One way to deal with this concern, which we have undertaken in regard to RePec, is to work with the disciplinary repository to feed article statistics from the institutional repository into the rankings produced by the disciplinary one. That method provides a more comprehensive and accurate ranking of the articles. And such rankings are, of course, a more useful measure of impact than impact factors, which apply to journals but not to individual articles, can ever be.
I do not know if it is possible to connect institutional statistics to SSRN or not, but Donovan and Watson describe a different approach to addressing this question. They begin by pointing out an assumption behind the question, that article readership is a zero-sum proposition, that there is a defined number of readers for any given scholarly article, so that new means of access will simply divide up that readership, not generate new “eyeballs on the article.” This is the same assumption made by publishers who insist that self-archiving, or even national funder policies, imperial their revenue, and by those who argue that libraries will never spend subscription dollars on works that will be made available freely. Donovan and Watson begin the process of showing that this assumption is false.
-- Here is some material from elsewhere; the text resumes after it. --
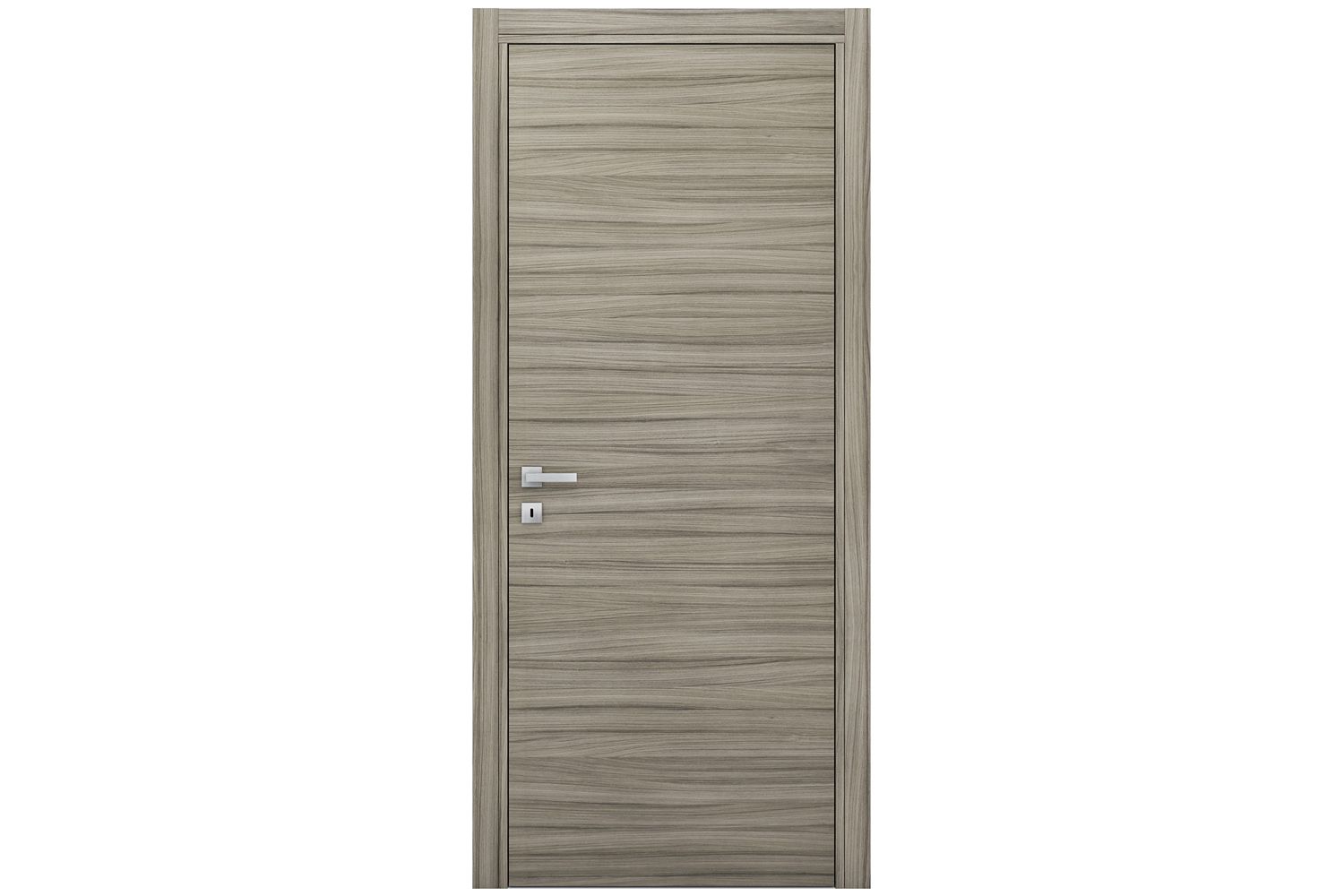 Nova Braga Palissandro Matrix Laminated Modern Interior Door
In their article the authors report two different research methods they employed to study the question of whether one repository siphons readers away from another repository, or whether, instead, readership grows overall when an article is available from multiple OA sources. Both methods lead them to the same conclusion: multiple outlets produce additional readers, so the sensible course for an author who wants her work to have maximum impact is, as they say, to “use both!” Far from harming the ranking in one database, availability of an article in a second repository appears to increase substantially the overall number of downloads.
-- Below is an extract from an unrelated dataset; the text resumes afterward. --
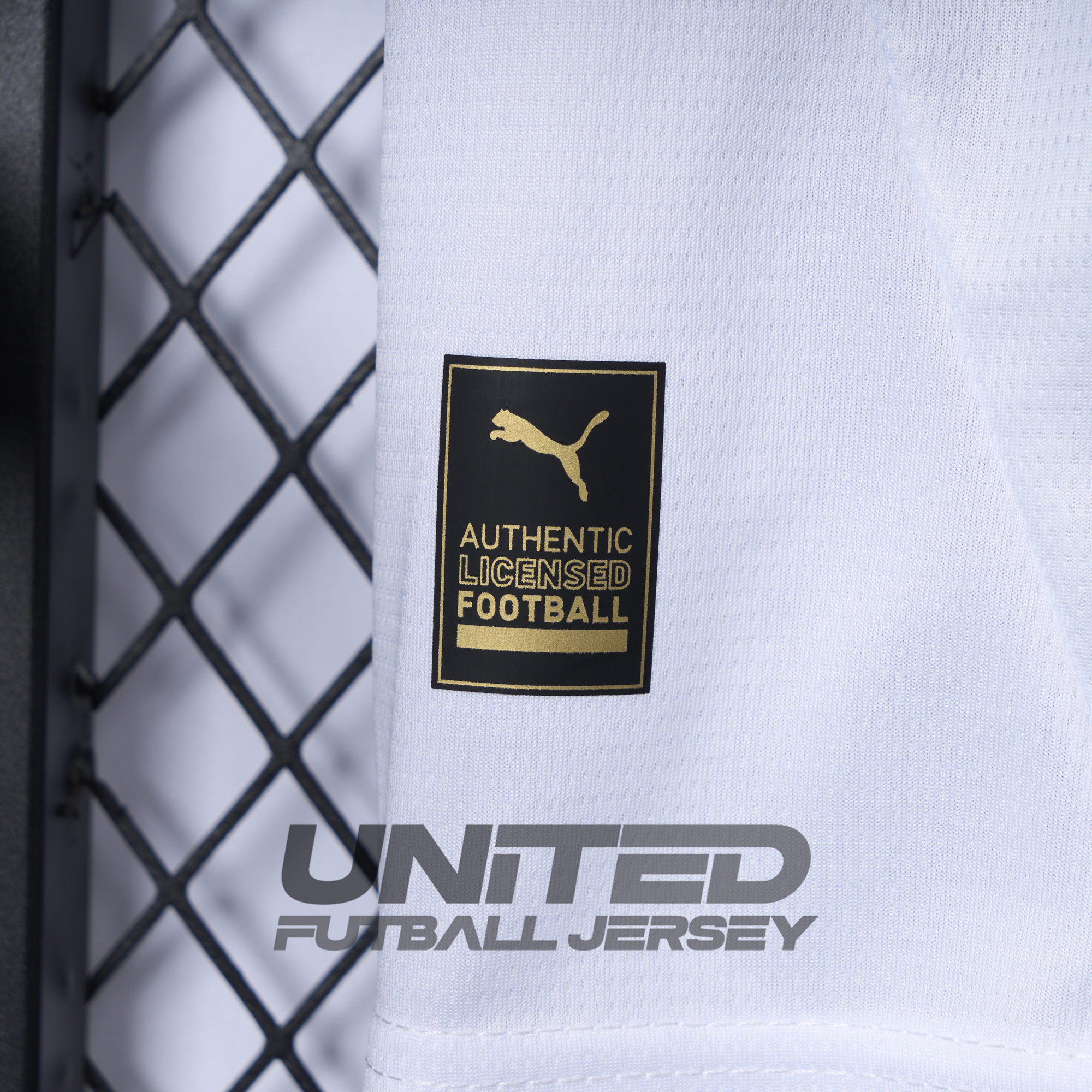 ManixJersey.com | Borussia Mönchengladbach 24-25 Home Stadium Jersey - Fans Version -Customize Name, Number and Patch | Worldwide Shipping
I like this article for two particular reasons. The first is that it attempts to find solid data on which to base the discussion. Instead of mere assertions of “obvious” truths in the open access debate, many of which are based on that zero-sum assumption, Donovan and Watson attempt to move the discussion to real evidence that actually places that assumption in some doubt. As we continue to explore business models and look for dissemination options that more fully serve the needs of scholarly authors, basing our discussions on real data would be a refreshing trend.
The second reason I like this article is that it appears to offer empirical evidence, beyond the many anecdotes that we have collected over the years, of the role of “unexpected readers” in increasing the reach of scholarly research. The zero-sum assumption gives rise to the presumption that the current system works in an acceptable way merely because the people I expect to see my work can see it. But open access offers the possible of discovering a myriad of readers who are not expected, either by publisher or author. If we take seriously the idea that academic research is undertaken, in the end, for the good of society, these are precisely the readers we would want to see find our scholarship. And to rule them out on the basis of an unproven assumption would be to sell ourselves short as scholars.